## ENTRIES PROVIDED
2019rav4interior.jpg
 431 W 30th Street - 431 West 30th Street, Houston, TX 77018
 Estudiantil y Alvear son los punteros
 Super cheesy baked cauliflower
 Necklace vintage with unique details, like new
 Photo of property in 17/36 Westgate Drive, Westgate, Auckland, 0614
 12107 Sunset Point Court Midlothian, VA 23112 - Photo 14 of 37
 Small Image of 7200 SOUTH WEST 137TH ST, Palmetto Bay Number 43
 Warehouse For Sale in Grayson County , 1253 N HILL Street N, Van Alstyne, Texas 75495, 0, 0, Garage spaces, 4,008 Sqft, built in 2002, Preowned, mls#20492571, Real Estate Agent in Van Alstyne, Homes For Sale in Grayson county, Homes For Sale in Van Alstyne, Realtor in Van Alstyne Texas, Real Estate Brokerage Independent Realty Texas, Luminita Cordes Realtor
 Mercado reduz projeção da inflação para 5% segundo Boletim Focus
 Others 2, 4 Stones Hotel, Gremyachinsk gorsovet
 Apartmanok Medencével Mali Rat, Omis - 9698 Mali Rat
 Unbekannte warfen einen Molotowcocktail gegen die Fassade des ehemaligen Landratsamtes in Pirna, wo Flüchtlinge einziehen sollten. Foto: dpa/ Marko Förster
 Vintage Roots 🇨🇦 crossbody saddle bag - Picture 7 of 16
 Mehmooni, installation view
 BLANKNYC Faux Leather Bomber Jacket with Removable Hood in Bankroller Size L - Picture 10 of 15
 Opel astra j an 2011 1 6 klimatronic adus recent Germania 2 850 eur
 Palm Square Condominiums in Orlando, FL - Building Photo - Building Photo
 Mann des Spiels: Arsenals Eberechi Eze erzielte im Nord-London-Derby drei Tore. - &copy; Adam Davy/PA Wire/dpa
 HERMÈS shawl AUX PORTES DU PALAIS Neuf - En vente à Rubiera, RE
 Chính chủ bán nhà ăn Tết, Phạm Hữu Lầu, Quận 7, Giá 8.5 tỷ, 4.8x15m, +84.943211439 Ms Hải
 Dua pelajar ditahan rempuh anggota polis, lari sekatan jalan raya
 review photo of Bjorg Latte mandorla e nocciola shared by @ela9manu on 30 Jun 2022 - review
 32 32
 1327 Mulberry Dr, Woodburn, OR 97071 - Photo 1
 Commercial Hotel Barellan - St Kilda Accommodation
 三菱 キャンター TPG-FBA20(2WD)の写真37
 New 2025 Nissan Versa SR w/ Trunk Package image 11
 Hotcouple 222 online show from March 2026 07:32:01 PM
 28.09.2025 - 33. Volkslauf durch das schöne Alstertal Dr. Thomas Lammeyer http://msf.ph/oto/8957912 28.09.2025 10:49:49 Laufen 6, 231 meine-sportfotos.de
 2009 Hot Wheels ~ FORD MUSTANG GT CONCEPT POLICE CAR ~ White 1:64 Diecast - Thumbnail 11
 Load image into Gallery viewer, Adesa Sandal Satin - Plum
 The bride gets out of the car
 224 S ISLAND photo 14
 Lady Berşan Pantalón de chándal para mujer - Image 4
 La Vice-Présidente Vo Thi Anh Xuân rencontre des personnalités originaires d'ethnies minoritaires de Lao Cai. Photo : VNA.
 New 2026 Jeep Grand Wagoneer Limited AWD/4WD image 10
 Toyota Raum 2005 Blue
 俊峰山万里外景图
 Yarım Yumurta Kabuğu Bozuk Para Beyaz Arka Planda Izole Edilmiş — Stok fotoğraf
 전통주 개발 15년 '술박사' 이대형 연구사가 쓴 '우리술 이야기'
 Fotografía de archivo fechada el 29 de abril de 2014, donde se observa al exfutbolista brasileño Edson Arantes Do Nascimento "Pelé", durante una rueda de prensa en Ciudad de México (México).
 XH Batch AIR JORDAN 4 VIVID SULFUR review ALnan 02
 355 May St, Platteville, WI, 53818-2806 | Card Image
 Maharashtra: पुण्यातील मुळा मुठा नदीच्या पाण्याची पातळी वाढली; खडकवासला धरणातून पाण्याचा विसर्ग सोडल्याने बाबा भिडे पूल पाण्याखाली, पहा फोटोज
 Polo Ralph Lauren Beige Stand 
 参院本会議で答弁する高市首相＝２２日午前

## THE PROBLEM
Repeat exactly, please, each line from the beginning of the data through the line with "Small Image of" in it, and only those lines.

## RESPONSE TO THIS EXERCISE
2019rav4interior.jpg
 431 W 30th Street - 431 West 30th Street, Houston, TX 77018
 Estudiantil y Alvear son los punteros
 Super cheesy baked cauliflower
 Necklace vintage with unique details, like new
 Photo of property in 17/36 Westgate Drive, Westgate, Auckland, 0614
 12107 Sunset Point Court Midlothian, VA 23112 - Photo 14 of 37
 Small Image of 7200 SOUTH WEST 137TH ST, Palmetto Bay Number 43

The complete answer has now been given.